Could not have told you any better than that and I can assure you this man knows what he is talking about. Although he speaks about Java specifically, the result is the same for other parallel programming systems: the first step when you have synchronization problems is not to get rid of locks, but to reduce lock contention. This article will tell you 10 (+1) ways to do just that.
Update: As Brian notes correctly in his comment below this article, these are advanced techniques and should only be employed if you are absolutely sure, locks are the problem! The only way to be sure of course is to use your profiler of choice, or else you will be guilty of the number one sin of ever programmer: premature optimization (and you don’t want to go to programmers hell for this one, do you? ).
- Protect data, not code: A common technique to achieve thread-safety quickly is to slap a big lock around a whole function call. Or in Java’s case, declare the whole method synchronized. Remember that it is merely the data that needs to be protected from concurrent access, not the code! Following this advice alone can take the time spent in you locks down significantly.
- Get rid of expensive calculations while in locks: This may seem obvious, but a little instruction reordering and use of temporary variables can bring down the time spent in locks considerably, especially as soon as I/O is involved.
- Use lock striping: Does your whole array really need to be protected by the same lock? Or can you give each element its own lock? Or if thats too many, use e.g. the modulo-function to distribute array elements to different locks and make sure your threads are not contending for the same lock? I bet you can in many cases. The more general advice here is: use different locks for different data whenever possible.
- Employ interlocked / atomic operations: There is no need to use locking just to increase a counter. Most parallel programming systems offer atomic operations to achieve simple tasks like that. Use them whenever available.
- Use synchronized data structures: Even if you cannot use atomic operations directly, maybe you can use a data structure that uses them internally. A lock-free message queue for example. Data structures like that are available for a variety of systems now and give you the power to synchronize your threads without worrying about locks.
- Use Reader-Writer Locks where applicable: For the cases where a lot of threads read a memory location that is rarely changed, the reader-writer lock was invented and is available in many parallel programming systems. It ensures that multiple readers can enter the lock at the same time. Only when a writer enters the picture, the lock becomes exclusive.
- Use Read-Only data whenever possible: In some parallel progamming systems (e.g. in Java), the system will make sure these are properly published to all threads, eliminating the need for locking entirely (since they cannot be changed anyways).
- Avoid Object Pooling: In some parallel programming systems, object creation is expensive (note: I am not talking about Java today. Maybe the Java of 5 years ago.) Many programmers have therefore become used to reusing objects and storing them away for later reuse in pools. In the multi-threaded case this turns out to be a problem, because of course the pool needs to be protected from concurrent access as well. Depending on how fast objects can be created in your system, it may be a good idea to forget about object pooling while working on multi-threaded code (or in general).

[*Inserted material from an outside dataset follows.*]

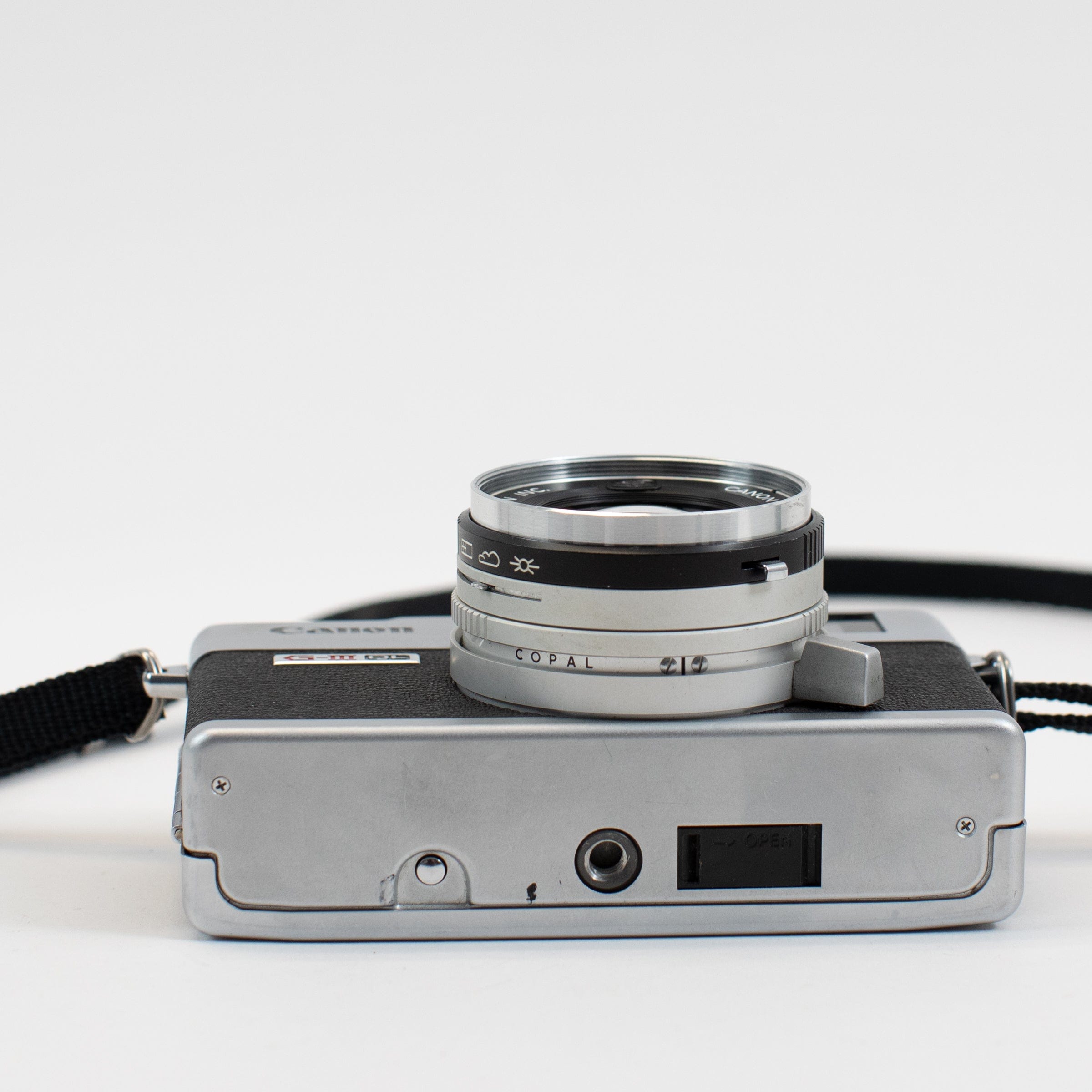 Canon Canonet QL17Giii with 40mm f/1.7 – Film Supply Club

- Use local variables or thread-local storage: In many cases, a shared variable can be substituted by another one, which is local to each thread. Think of the simple case of a reduction: when you want to find the biggest number in an array, you can store either store it immediately in a max-variable that is increased by all threads as they go (this is the contended case), or you can have each thread store its own result locally and combine them in the end (uncontended case).
- Avoid hotspots: A hotspot is a resource (e.g. a shared variable) that needs to be updated frequently. Think of a linked list. The size of the list is stored somewhere in many list-implementations, because the implementers want the size()-operation to complete in constant time (if the size is not stored and updated constantly, the size()-method needs to walk the list each time it is called). What seems like a good performance optimization at first sight might shoot you in the foot in the multi-threaded case: now each and every list operation that changes the number of elements in the list needs to update the size-variable, an operation that needs to be protected from concurrent access. This is what is called a hotspot. Avoiding it is simple in this case: just don’t store the size of the list and the hotspot is gone. Software development is the art of choosing the right tradeoffs .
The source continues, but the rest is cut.